■ Supplied data
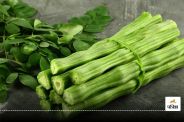 Drumstick Benefits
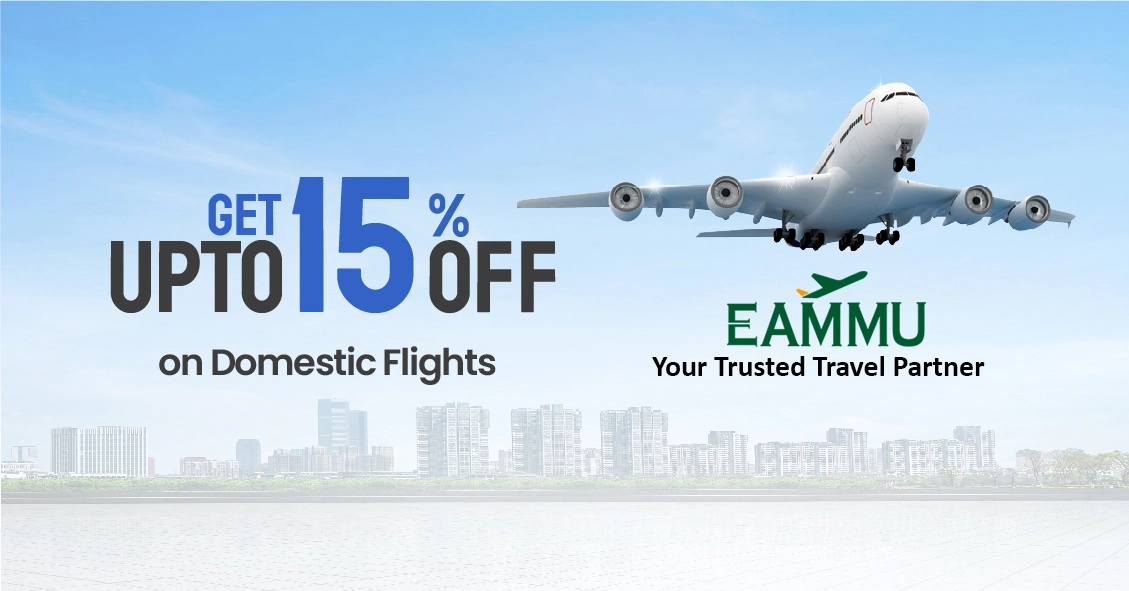 Domestic flight ticket deals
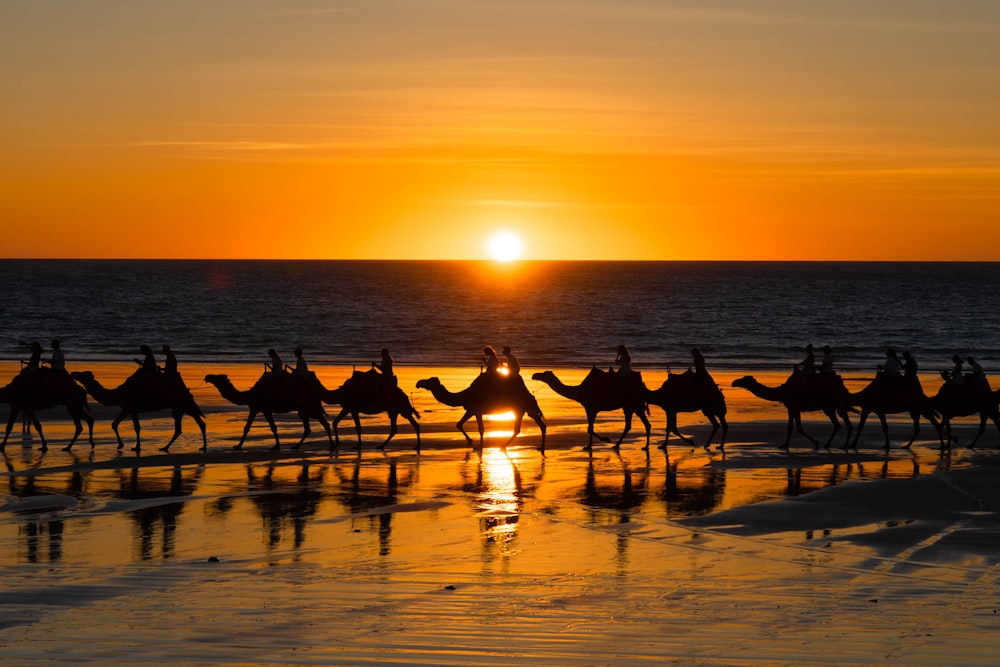 a group of people riding on the backs of camels on a beach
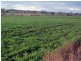 99,188,1 Oestreich Road, Toowoomba QLD 4350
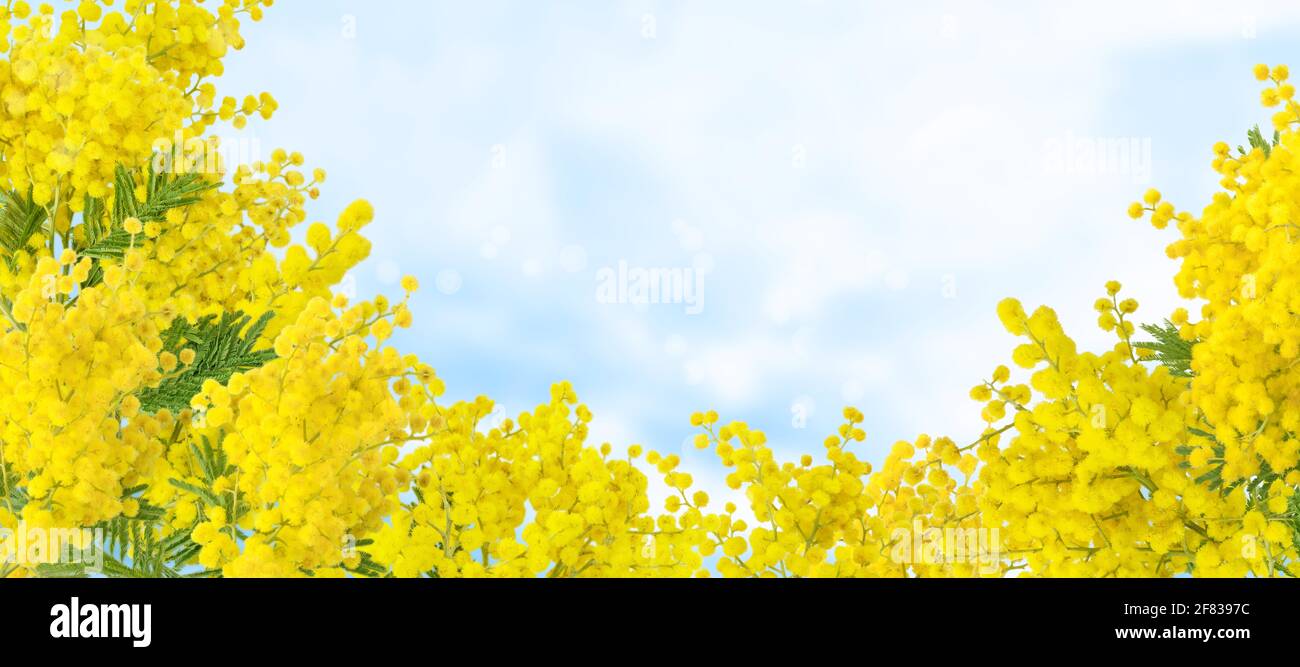Arrosent les branches de l'arbre sur le fond bleu du ciel. Feuilles et billes molletonnées jaune en acacia dealbata. Fleurs de printemps Mimosa. Banque D'Images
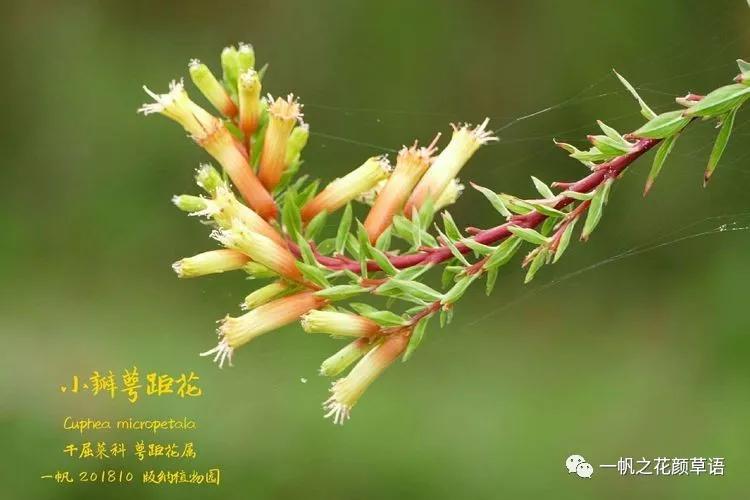 细叶萼距花耐寒吗,细叶萼距花喜光喜阴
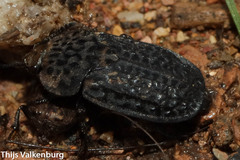 Thanatophilus rugosus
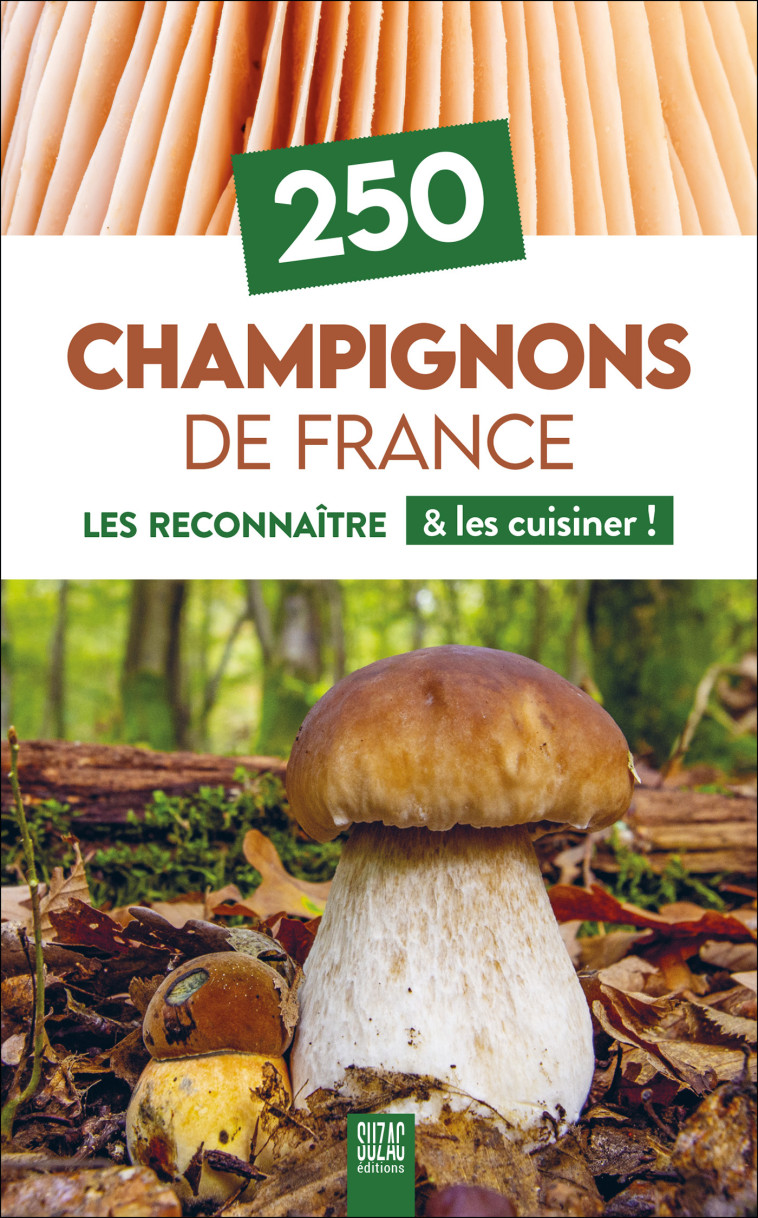 250 Champignons de France -  Collectif - SUZAC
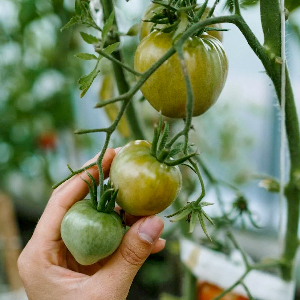 A hand picks green tomatoes. Photo.
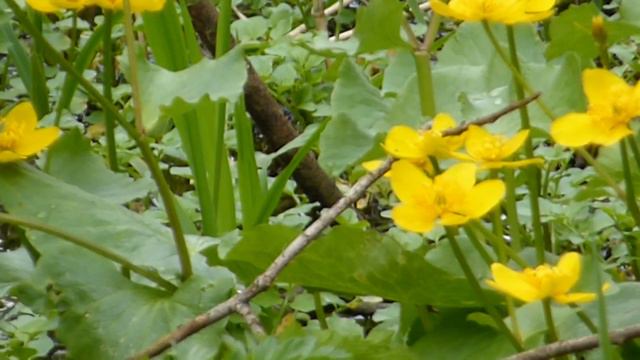 Spearwort - Ranunculus lingua - Vatnasóley - Villijurt - Fjölær jurt смотреть онлайн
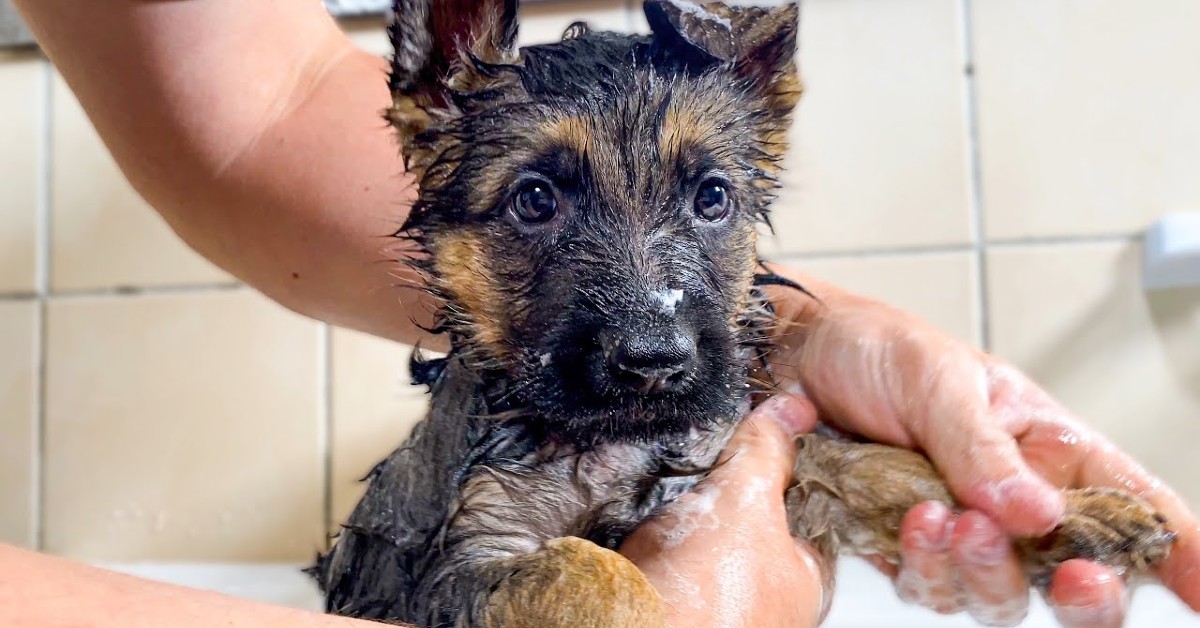 Cucciolo di pastore tedesco fa il bagno per la prima volta(VIDEO)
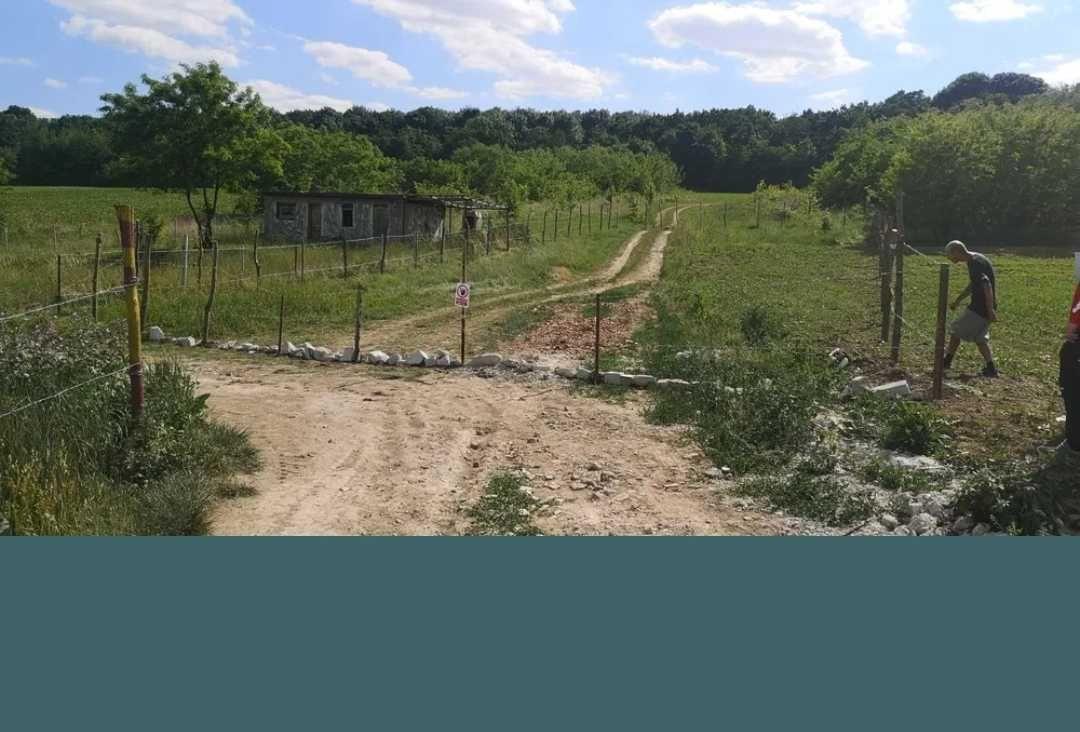 Teren Rediu Botoșani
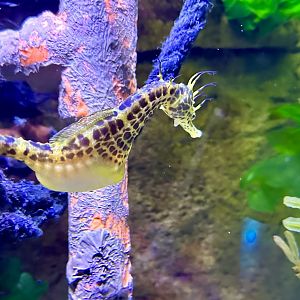 Pot-belly seahorse (Hippocampus abdominalis)
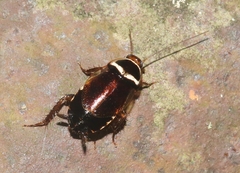 Euthlastoblatta abortiva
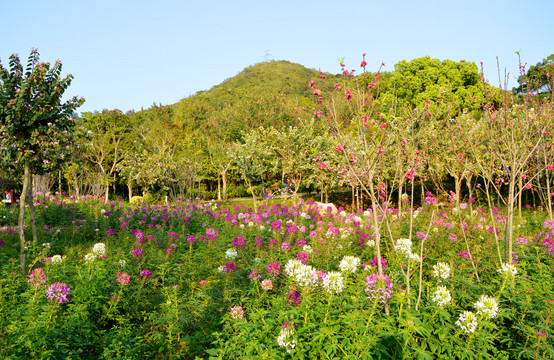 田园风光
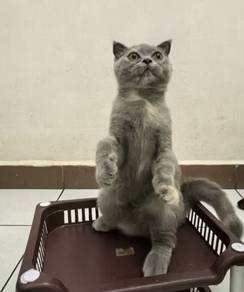 Rehome Anak Kucing Yang Comel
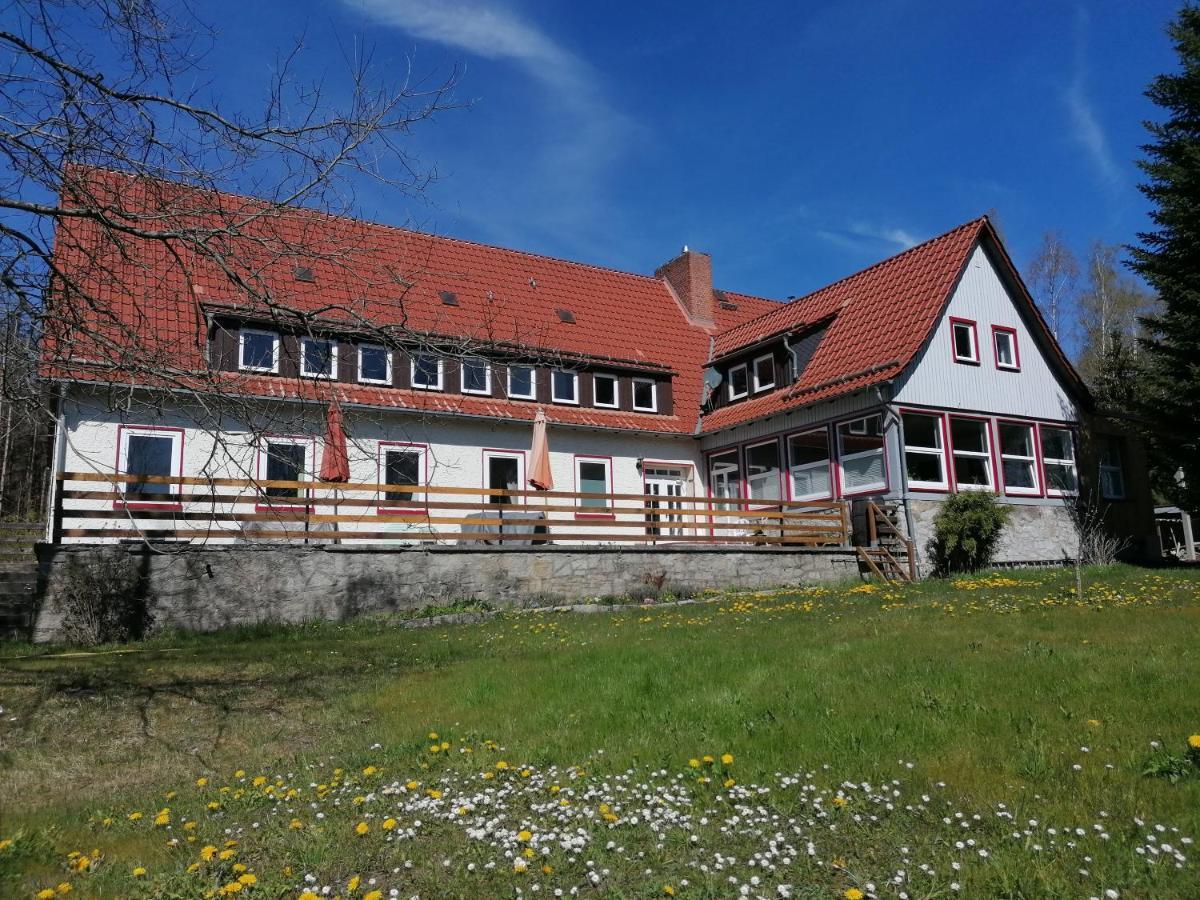 Villa Viriditas Elbingerode  Esterno foto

■ Task to carry out
Print exactly, and print only, the lines from the line with "250 Champignons de" through the last line of the entries, both ends included. No pictures belong in the result.

■ Solution for this task
 250 Champignons de France -  Collectif - SUZAC
 A hand picks green tomatoes. Photo.
 Spearwort - Ranunculus lingua - Vatnasóley - Villijurt - Fjölær jurt смотреть онлайн
 Cucciolo di pastore tedesco fa il bagno per la prima volta(VIDEO)
 Teren Rediu Botoșani
 Pot-belly seahorse (Hippocampus abdominalis)
 Euthlastoblatta abortiva
 田园风光
 Rehome Anak Kucing Yang Comel
 Villa Viriditas Elbingerode  Esterno foto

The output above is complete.